A final agreement on full appropriations bills that raises both defense and non-defense funding above 2022 levels might be possible. There is significant pressure, particularly among Republicans, to markedly increase defense funding. Meanwhile, many members recognize the substantial needs for investments in non-defense areas, including in areas such as child care and housing where costs are rising and need growing. In recent years, a principle of rough parity that provides equal increases in funding for defense and non-defense programs has yielded bipartisan agreements to roll back some of the cuts made by the Budget Control Act. A parity principle should be used to facilitate agreement again.
One challenge with parity in the past has been that veterans’ health care has required substantial funding increases due to rising health care costs and a growing number of veterans needing care.
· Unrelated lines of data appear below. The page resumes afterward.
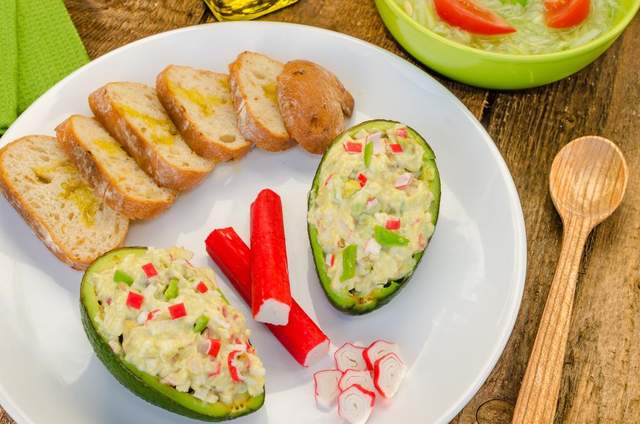 Домашній плавлений сир за 15 хвилин: бюджетна закуска з кількох продуктів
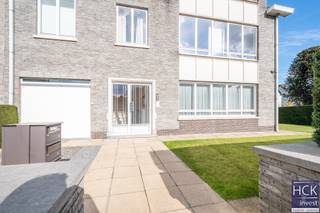 De liggingDit appartement situeert zich op de eerste verdieping van een kleinschalig appartementsgebouw, op een zonnige hoek met veel lichtinval. De...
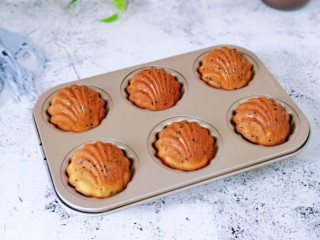 17、黑芝麻玛德琳蛋糕,将蛋糕翻过来拍照，贝壳状哈～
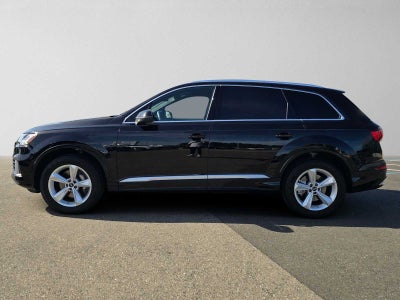 2023 Audi Q7 Premium Plus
While veterans’ health care could be thought of as either defense or non-defense spending, it’s been “counted” on the non-defense side of the ledger in prior parity agreements. That’s left too little for other unrelated non-defense programs. A better way to conceptualize parity would be to settle on the needed increase in veterans’ health care — costs that stem directly from defense-related policy — and then have parity in the increase in other defense and non-defense program areas.
More CRs and freezes need not be inevitable. Appropriations for 2023 are unfinished business of the current Congress and are urgently needed for a fiscal year that began two months ago.